[Required action]:
Give back each entry unchanged, minus pictures.

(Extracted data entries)

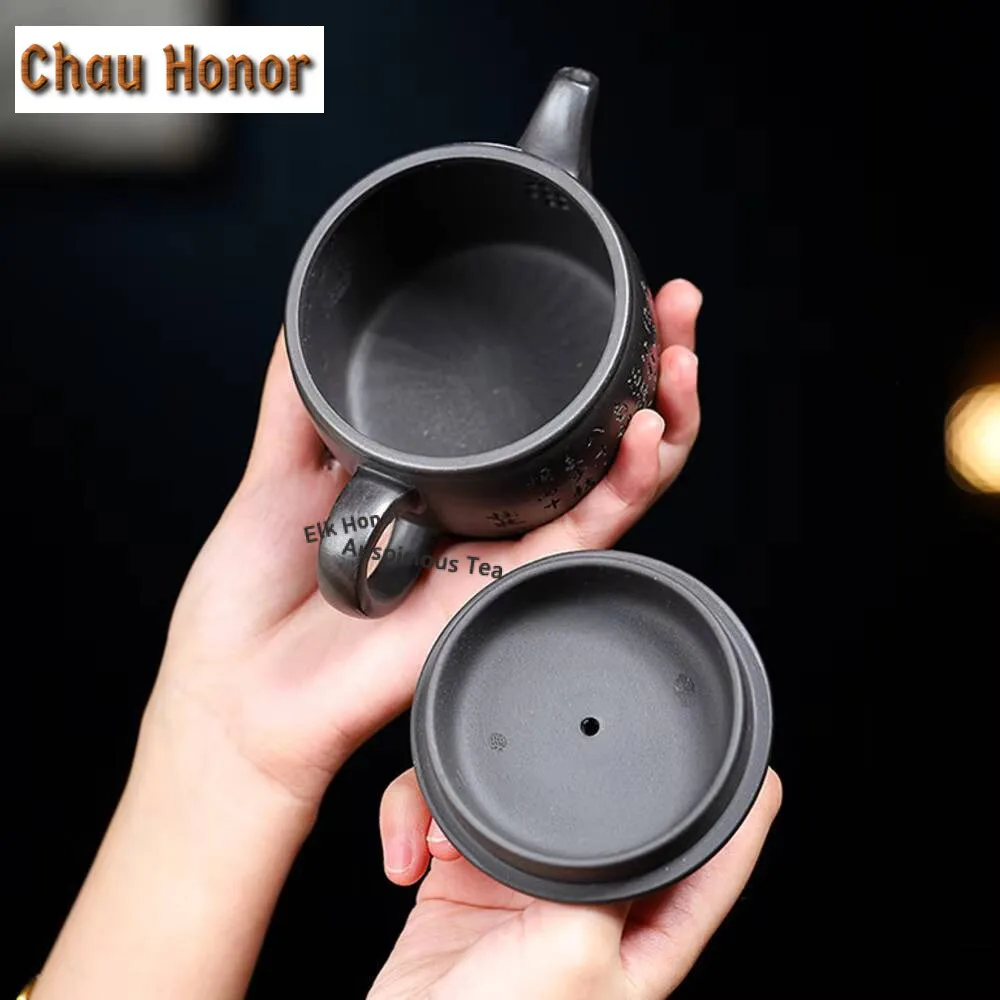 220/240ml Yixing Purple Clay Tea Pot Handmade Raw Ore Black Mud Teapots Authentic Tea Maker Kettle Customized Tea Set Collection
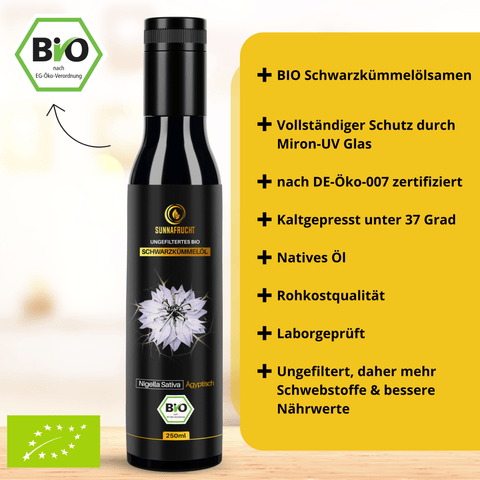 Bio Schwarzkümmelöl | 250 ml - Sunnafrucht® - Schwarzkümmelöl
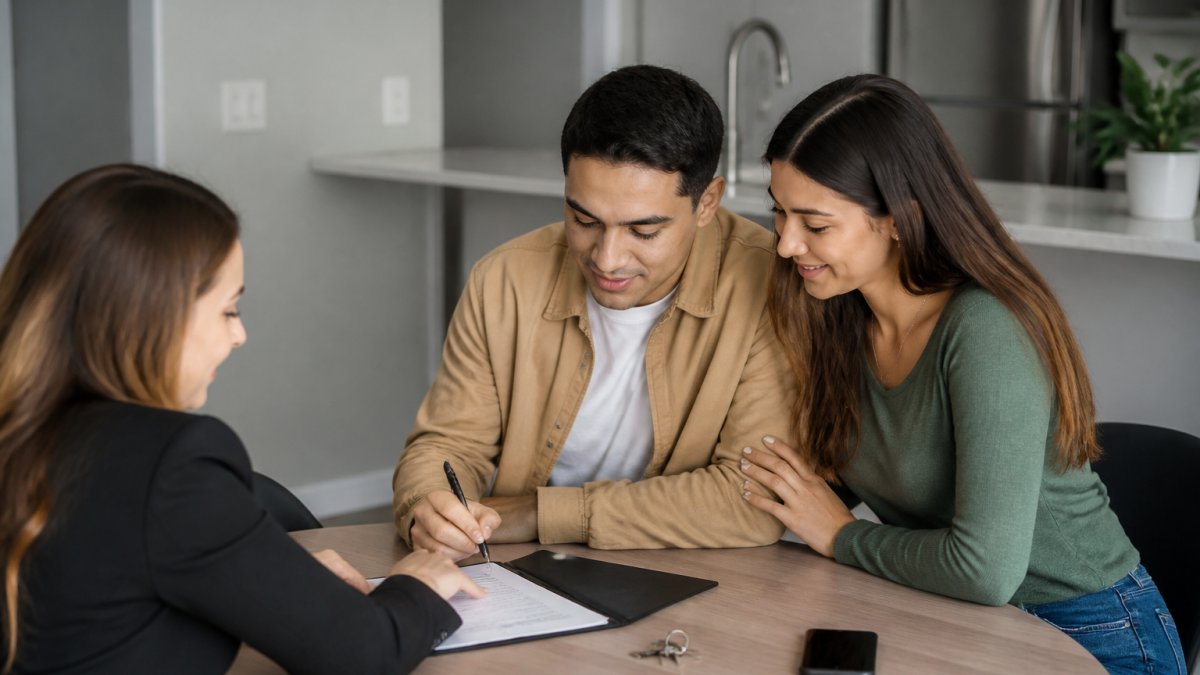A couple sits at a table with a woman in business attire. The man signs a rental application while the woman smiles and holds his arm. Keys and a smartphone are on the table.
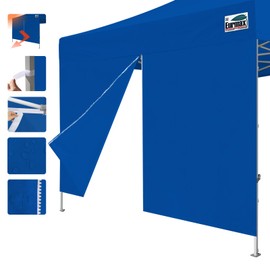 Eurmax USA 10FT Instant Canopy SunWall with Middle Zipper Wall for Pop Up Canopy Tent，1 Pack Sidewall for Outdoor Shade(Royal Blue)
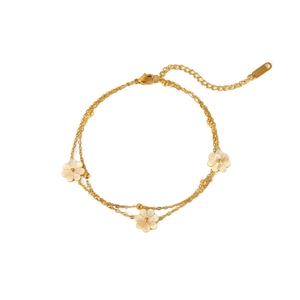 Tobillera de doble capa bañada en oro de 18K con margaritas blancas y cuentas de oro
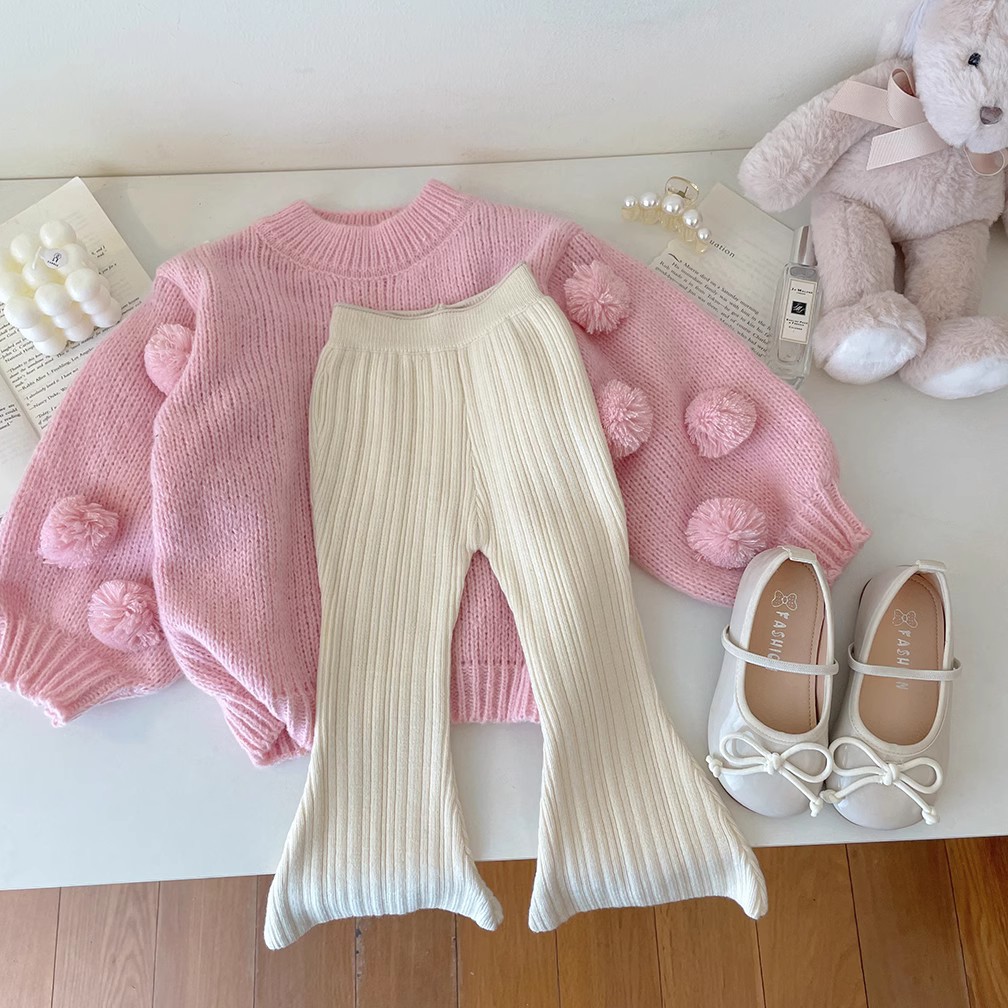 Autumn and Winter girls' woolen pants fashionable baby knitted flared pants stretch girls' thick pants children's leggings women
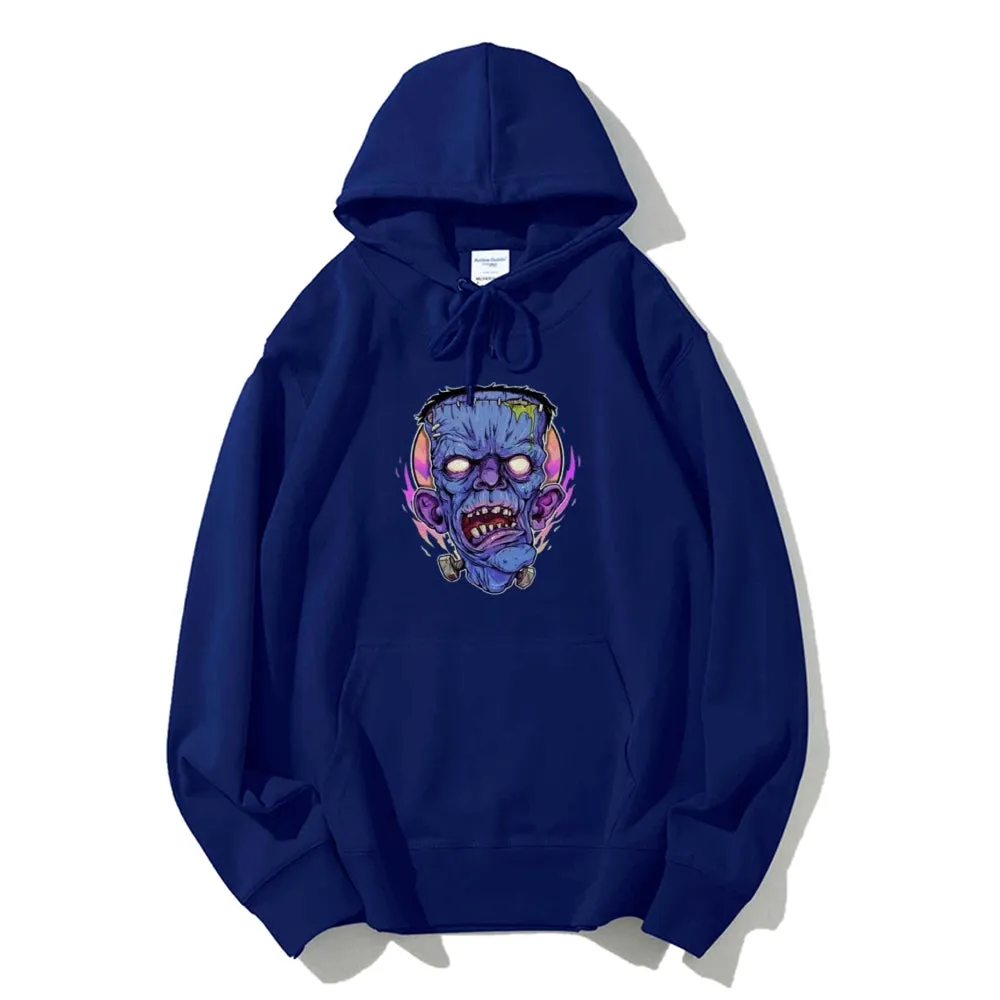 Mens Halloween Zombie Heads Graphic Hoodies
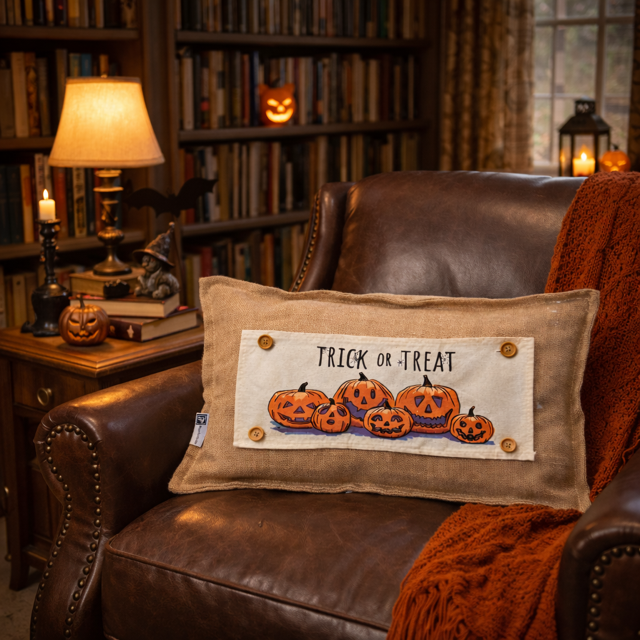 PANEL ONLY: RECTANGLE Halloween October Pumpkins Fall Autumn Jack-o-Lanterns; TRICK OR TREAT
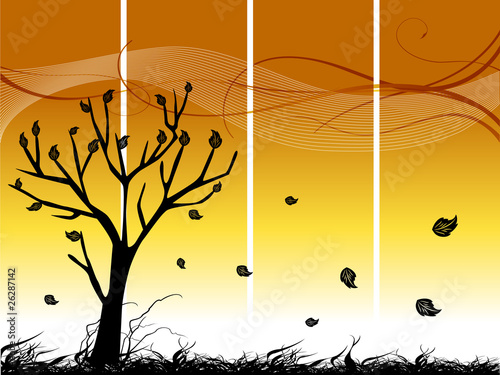 abstract autumn tree and leaves illustration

[Your response]:
 220/240ml Yixing Purple Clay Tea Pot Handmade Raw Ore Black Mud Teapots Authentic Tea Maker Kettle Customized Tea Set Collection
 Bio Schwarzkümmelöl | 250 ml - Sunnafrucht® - Schwarzkümmelöl
A couple sits at a table with a woman in business attire. The man signs a rental application while the woman smiles and holds his arm. Keys and a smartphone are on the table.
 Eurmax USA 10FT Instant Canopy SunWall with Middle Zipper Wall for Pop Up Canopy Tent，1 Pack Sidewall for Outdoor Shade(Royal Blue)
 Tobillera de doble capa bañada en oro de 18K con margaritas blancas y cuentas de oro
 Autumn and Winter girls' woolen pants fashionable baby knitted flared pants stretch girls' thick pants children's leggings women
 Mens Halloween Zombie Heads Graphic Hoodies
 PANEL ONLY: RECTANGLE Halloween October Pumpkins Fall Autumn Jack-o-Lanterns; TRICK OR TREAT
 abstract autumn tree and leaves illustration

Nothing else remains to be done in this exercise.